According to FIG. 6, the rich operating system 123 includes: a
measurement module 1231, a layout module 1233, and a drawing module
1235, respectively configured to perform measurement, layout, and
drawing operations on the common control in the user interface to
obtain a non-secure surface (excluding a secure control). For
details about measurement, layout, and drawing of the control,
refer to the description in step 510. A non-secure surface obtained
after the common control is drawn is in a first frame buffer 1237.
The first frame buffer 1237 is buffer space that can be controlled
and accessed by the rich operating system 123.
[0065] Further, in an embodiment, the client application transfers
the information about the secure control in the user interface to
the trusted application 115 by invoking the communications agent
(not shown in the figure) provided by the rich operating system
and/or the external interface provided by the TEE. The trusted
application then invokes a graphics service or component of the
trusted operating system 143 to complete rendering of the secure
control. In an embodiment, the trusted operating system 143
includes: a measurement module 1431, a layout module 1433, a
drawing module 1435, a combining module 1439, and a driver module
1441. The measurement module 1431, the layout module 1433, and the
drawing module 1435 are respectively configured to perform the
measurement, layout, and drawing operations on the secure control
in the user interface, to obtain the secure surface (including only
the secure control). The measurement module 1431, the layout module
1433, and the drawing module 1435 perform measurement, layout, and
drawing on the secure control based on the information about the
secure control and the customized method (measure, layout, or draw)
corresponding to the secure control. For details about measurement,
layout, and drawing of the secure control, refer to the description
in step 530. A secure surface obtained after the secure control is
drawn is in a second frame buffer 1437. The second frame buffer
1437 is buffer space that can be controlled and accessed only by
the trusted operating system 143, but cannot be accessed by the
rich operating system 123 and the application in the REE 120. The
combining module 1439 composites a non-secure surface in the first
frame buffer 1237 and a secure surface in the second frame buffer
1437 to obtain a composited surface that includes the common
control and the secure control. The driver module 1441 is
configured to display the composited surface obtained by the
combining module 1439 on a display 141.
[0066] In an embodiment, the rich operating system 123 may send the
first surface (non-secure surface) to the trusted operating system
143 by using the communications agent.
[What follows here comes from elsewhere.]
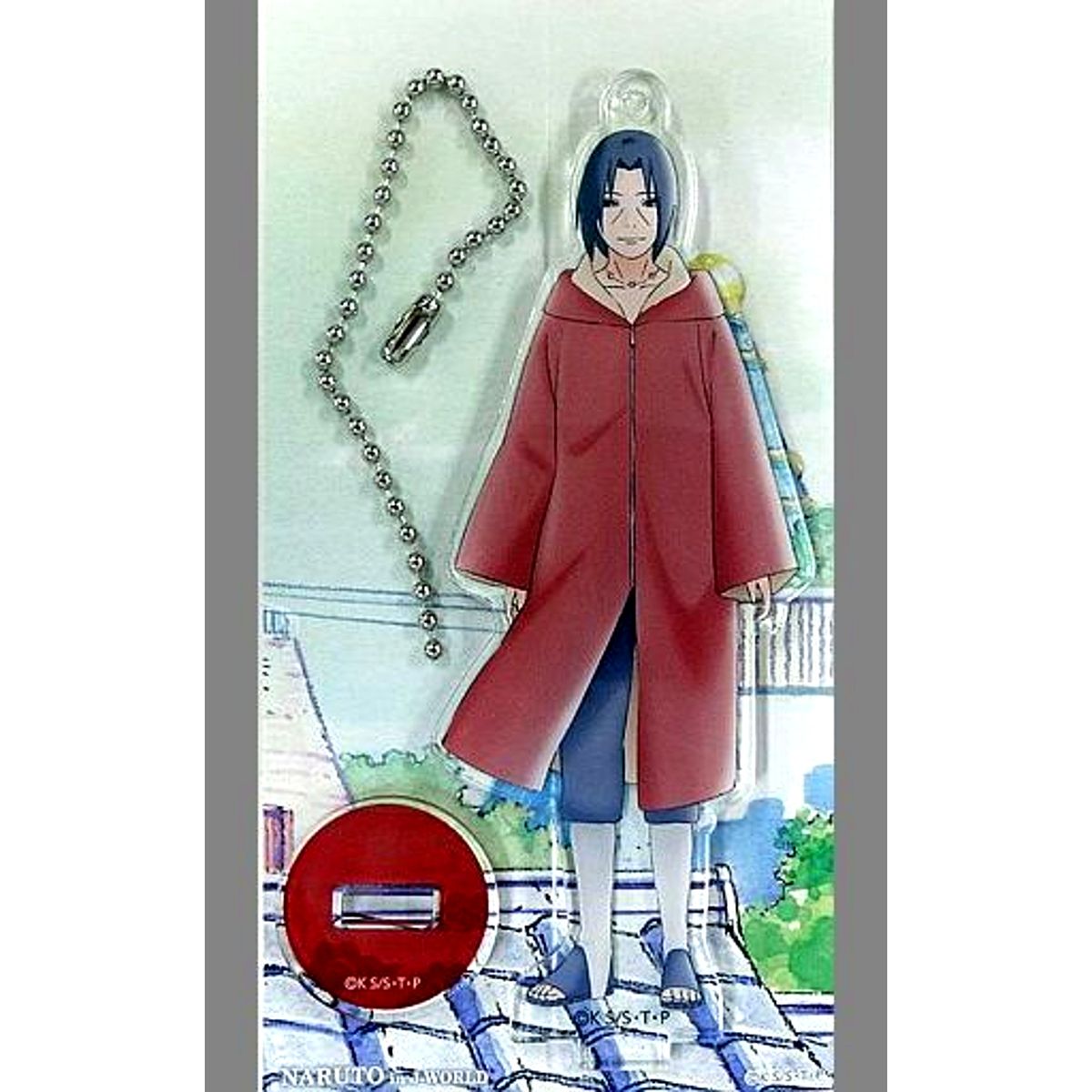 Itachi Uchiha Naruto & Boruto J-WORLD Emaki Kizuna Uchiha Brothers Connected Hearts Acrylic Stand [USED]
The combining module 1439 in
the trusted operating system 143 then composites the first surface
and the second surface to obtain the composited surface, where the
composited surface is in the second frame buffer 1437. In another
embodiment, alternatively, the rich operating system 123 may
transfer, to the trusted operating system 143 by using the
communications agent, the address of the frame buffer in which the
first surface is located. The combining module 1439 in the trusted
operating system 143 may access the first surface in the first
frame buffer based on the address, and then implement surface
composition, where the composited surface is in the second frame
buffer 1437.
[0067] Optionally, in an embodiment, the rich operating system 123
further includes: a preprocessing module 1239, configured to
preprocess, for example, perform initial measurement, layout, and
drawing on, the secure control in the user interface. A
preprocessing result is synchronized to the trusted operating
system 143. The trusted operating system 143 performs further
processing on the secure control based on the preprocessing
result.
[0068] It should be understood that in a specific implementation of
the solution, the rendering processing performed by the rich
operating system 123 on the common control and the rendering
processing performed by the trusted operating system 143 on the
secure control are not completely performed in a serial manner, and
may be performed in a cross manner or in a parallel manner. It is
understood that the terminal device 100 may include fewer or more
components than those shown in FIG. 6. The terminal device shown in
FIG. 6 merely includes components more related to a plurality of
implementations disclosed in the embodiments of this
application.
[0069] In an embodiment, as shown in FIG. 7, the rich operating
system 123 is an Android.RTM. system, and may be divided into a
kernel 130, libraries 150, and an application framework 170 in
terms of architecture. The kernel 130 is used to provide an
underlying system component and service, for example, power
management, memory management, thread management, a hardware driver
program, and an access proxy 134. The access proxy 134 is mainly
used to implement communication between the REE 120 and the TEE
140, for example, send or transfer information on the REE 120 side
to the TEE 140 by using an interface provided by the TEE. The
access proxy 134 is a process or thread in a kernel mode. For
example, a function of the access proxy 134 may be undertaken by
Tzdriver in the kernel. The library 150 is a program library that
provides support for an executable program when the executable
program is running, and includes a browser engine (such as webkit),
a graphics processing engine (such as OpenGL ES), and the like. The
framework 170 is used to provide a basic common component and
service for the application, such as window management and view
management. In an embodiment, the framework 170 includes a view
manager 173, a surface combiner 175, and the like. The view manager
173 is used to perform operations such as measurement, layout, and
drawing on a native view control, namely, the common control, in
the user interface of the client application 113. The surface
combiner 175 is used to combine surfaces drawn into a frame buffer
132, and then send a combined surface to a display device for
display. The frame buffer 132 is a storage area that can be
accessed by a process or thread in the kernel mode, and is used to
buffer the surface drawn by the view manager 173.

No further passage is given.